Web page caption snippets
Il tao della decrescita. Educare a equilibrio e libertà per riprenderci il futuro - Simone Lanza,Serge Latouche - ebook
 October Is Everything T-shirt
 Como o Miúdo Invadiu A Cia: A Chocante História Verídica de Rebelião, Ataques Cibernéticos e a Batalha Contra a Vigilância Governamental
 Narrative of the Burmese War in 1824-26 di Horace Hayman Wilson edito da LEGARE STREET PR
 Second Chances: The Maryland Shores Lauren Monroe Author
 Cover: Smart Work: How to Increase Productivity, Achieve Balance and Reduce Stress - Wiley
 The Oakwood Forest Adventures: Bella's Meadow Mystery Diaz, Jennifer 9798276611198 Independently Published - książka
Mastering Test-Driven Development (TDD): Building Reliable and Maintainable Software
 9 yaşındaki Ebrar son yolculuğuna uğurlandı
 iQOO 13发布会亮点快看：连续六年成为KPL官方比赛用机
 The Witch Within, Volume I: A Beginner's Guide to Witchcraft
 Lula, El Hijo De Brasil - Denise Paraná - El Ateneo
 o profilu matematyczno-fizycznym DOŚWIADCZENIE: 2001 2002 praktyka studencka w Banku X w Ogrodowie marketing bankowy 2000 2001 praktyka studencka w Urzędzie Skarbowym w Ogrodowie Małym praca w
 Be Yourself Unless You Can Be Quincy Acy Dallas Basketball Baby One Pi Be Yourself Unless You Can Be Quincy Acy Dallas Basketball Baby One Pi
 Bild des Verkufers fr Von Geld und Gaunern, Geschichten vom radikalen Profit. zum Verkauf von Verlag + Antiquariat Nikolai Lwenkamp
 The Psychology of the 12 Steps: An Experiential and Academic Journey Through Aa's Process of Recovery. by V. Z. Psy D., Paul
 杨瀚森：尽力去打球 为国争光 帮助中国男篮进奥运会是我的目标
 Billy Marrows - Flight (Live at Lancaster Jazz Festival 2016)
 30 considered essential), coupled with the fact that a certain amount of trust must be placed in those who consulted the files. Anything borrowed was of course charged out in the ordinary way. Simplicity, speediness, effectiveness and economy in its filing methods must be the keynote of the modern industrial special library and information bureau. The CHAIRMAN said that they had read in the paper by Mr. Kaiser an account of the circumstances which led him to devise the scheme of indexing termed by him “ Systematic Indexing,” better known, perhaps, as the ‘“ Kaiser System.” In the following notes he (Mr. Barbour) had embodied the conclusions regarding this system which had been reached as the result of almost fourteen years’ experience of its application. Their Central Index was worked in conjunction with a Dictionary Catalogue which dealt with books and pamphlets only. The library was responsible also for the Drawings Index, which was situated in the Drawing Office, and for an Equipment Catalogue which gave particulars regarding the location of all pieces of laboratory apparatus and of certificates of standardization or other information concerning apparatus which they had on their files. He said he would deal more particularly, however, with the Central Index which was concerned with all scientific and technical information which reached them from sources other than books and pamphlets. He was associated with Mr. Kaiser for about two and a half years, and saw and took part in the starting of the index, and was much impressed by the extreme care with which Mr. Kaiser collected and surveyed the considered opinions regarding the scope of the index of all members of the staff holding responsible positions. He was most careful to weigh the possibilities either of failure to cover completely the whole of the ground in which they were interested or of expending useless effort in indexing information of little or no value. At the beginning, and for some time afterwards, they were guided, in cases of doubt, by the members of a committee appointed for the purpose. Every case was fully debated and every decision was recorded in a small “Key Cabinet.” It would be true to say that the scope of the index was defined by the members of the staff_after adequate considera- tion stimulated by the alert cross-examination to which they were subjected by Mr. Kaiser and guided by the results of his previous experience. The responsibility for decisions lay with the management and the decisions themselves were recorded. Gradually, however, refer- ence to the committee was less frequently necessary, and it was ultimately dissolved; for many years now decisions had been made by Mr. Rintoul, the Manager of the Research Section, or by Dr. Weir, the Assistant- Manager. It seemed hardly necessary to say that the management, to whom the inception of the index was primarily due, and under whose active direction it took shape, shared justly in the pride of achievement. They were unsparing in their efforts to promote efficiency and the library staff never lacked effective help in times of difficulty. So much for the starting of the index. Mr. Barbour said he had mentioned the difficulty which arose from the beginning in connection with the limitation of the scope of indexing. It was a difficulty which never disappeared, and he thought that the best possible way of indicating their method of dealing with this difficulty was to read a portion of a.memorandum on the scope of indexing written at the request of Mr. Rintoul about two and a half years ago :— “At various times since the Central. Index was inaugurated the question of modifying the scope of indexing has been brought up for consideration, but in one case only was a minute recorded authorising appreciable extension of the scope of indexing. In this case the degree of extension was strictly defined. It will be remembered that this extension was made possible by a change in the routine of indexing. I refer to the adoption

→ PROBLEM REQUIREMENTS: Transcribe all of the data, keeping every line identical.

→ REPLY:
Il tao della decrescita. Educare a equilibrio e libertà per riprenderci il futuro - Simone Lanza,Serge Latouche - ebook
 October Is Everything T-shirt
 Como o Miúdo Invadiu A Cia: A Chocante História Verídica de Rebelião, Ataques Cibernéticos e a Batalha Contra a Vigilância Governamental
 Narrative of the Burmese War in 1824-26 di Horace Hayman Wilson edito da LEGARE STREET PR
 Second Chances: The Maryland Shores Lauren Monroe Author
 Cover: Smart Work: How to Increase Productivity, Achieve Balance and Reduce Stress - Wiley
 The Oakwood Forest Adventures: Bella's Meadow Mystery Diaz, Jennifer 9798276611198 Independently Published - książka
Mastering Test-Driven Development (TDD): Building Reliable and Maintainable Software
 9 yaşındaki Ebrar son yolculuğuna uğurlandı
 iQOO 13发布会亮点快看：连续六年成为KPL官方比赛用机
 The Witch Within, Volume I: A Beginner's Guide to Witchcraft
 Lula, El Hijo De Brasil - Denise Paraná - El Ateneo
 o profilu matematyczno-fizycznym DOŚWIADCZENIE: 2001 2002 praktyka studencka w Banku X w Ogrodowie marketing bankowy 2000 2001 praktyka studencka w Urzędzie Skarbowym w Ogrodowie Małym praca w
 Be Yourself Unless You Can Be Quincy Acy Dallas Basketball Baby One Pi Be Yourself Unless You Can Be Quincy Acy Dallas Basketball Baby One Pi
 Bild des Verkufers fr Von Geld und Gaunern, Geschichten vom radikalen Profit. zum Verkauf von Verlag + Antiquariat Nikolai Lwenkamp
 The Psychology of the 12 Steps: An Experiential and Academic Journey Through Aa's Process of Recovery. by V. Z. Psy D., Paul
 杨瀚森：尽力去打球 为国争光 帮助中国男篮进奥运会是我的目标
 Billy Marrows - Flight (Live at Lancaster Jazz Festival 2016)
 30 considered essential), coupled with the fact that a certain amount of trust must be placed in those who consulted the files. Anything borrowed was of course charged out in the ordinary way. Simplicity, speediness, effectiveness and economy in its filing methods must be the keynote of the modern industrial special library and information bureau. The CHAIRMAN said that they had read in the paper by Mr. Kaiser an account of the circumstances which led him to devise the scheme of indexing termed by him “ Systematic Indexing,” better known, perhaps, as the ‘“ Kaiser System.” In the following notes he (Mr. Barbour) had embodied the conclusions regarding this system which had been reached as the result of almost fourteen years’ experience of its application. Their Central Index was worked in conjunction with a Dictionary Catalogue which dealt with books and pamphlets only. The library was responsible also for the Drawings Index, which was situated in the Drawing Office, and for an Equipment Catalogue which gave particulars regarding the location of all pieces of laboratory apparatus and of certificates of standardization or other information concerning apparatus which they had on their files. He said he would deal more particularly, however, with the Central Index which was concerned with all scientific and technical information which reached them from sources other than books and pamphlets. He was associated with Mr. Kaiser for about two and a half years, and saw and took part in the starting of the index, and was much impressed by the extreme care with which Mr. Kaiser collected and surveyed the considered opinions regarding the scope of the index of all members of the staff holding responsible positions. He was most careful to weigh the possibilities either of failure to cover completely the whole of the ground in which they were interested or of expending useless effort in indexing information of little or no value. At the beginning, and for some time afterwards, they were guided, in cases of doubt, by the members of a committee appointed for the purpose. Every case was fully debated and every decision was recorded in a small “Key Cabinet.” It would be true to say that the scope of the index was defined by the members of the staff_after adequate considera- tion stimulated by the alert cross-examination to which they were subjected by Mr. Kaiser and guided by the results of his previous experience. The responsibility for decisions lay with the management and the decisions themselves were recorded. Gradually, however, refer- ence to the committee was less frequently necessary, and it was ultimately dissolved; for many years now decisions had been made by Mr. Rintoul, the Manager of the Research Section, or by Dr. Weir, the Assistant- Manager. It seemed hardly necessary to say that the management, to whom the inception of the index was primarily due, and under whose active direction it took shape, shared justly in the pride of achievement. They were unsparing in their efforts to promote efficiency and the library staff never lacked effective help in times of difficulty. So much for the starting of the index. Mr. Barbour said he had mentioned the difficulty which arose from the beginning in connection with the limitation of the scope of indexing. It was a difficulty which never disappeared, and he thought that the best possible way of indicating their method of dealing with this difficulty was to read a portion of a.memorandum on the scope of indexing written at the request of Mr. Rintoul about two and a half years ago :— “At various times since the Central. Index was inaugurated the question of modifying the scope of indexing has been brought up for consideration, but in one case only was a minute recorded authorising appreciable extension of the scope of indexing. In this case the degree of extension was strictly defined. It will be remembered that this extension was made possible by a change in the routine of indexing. I refer to the adoption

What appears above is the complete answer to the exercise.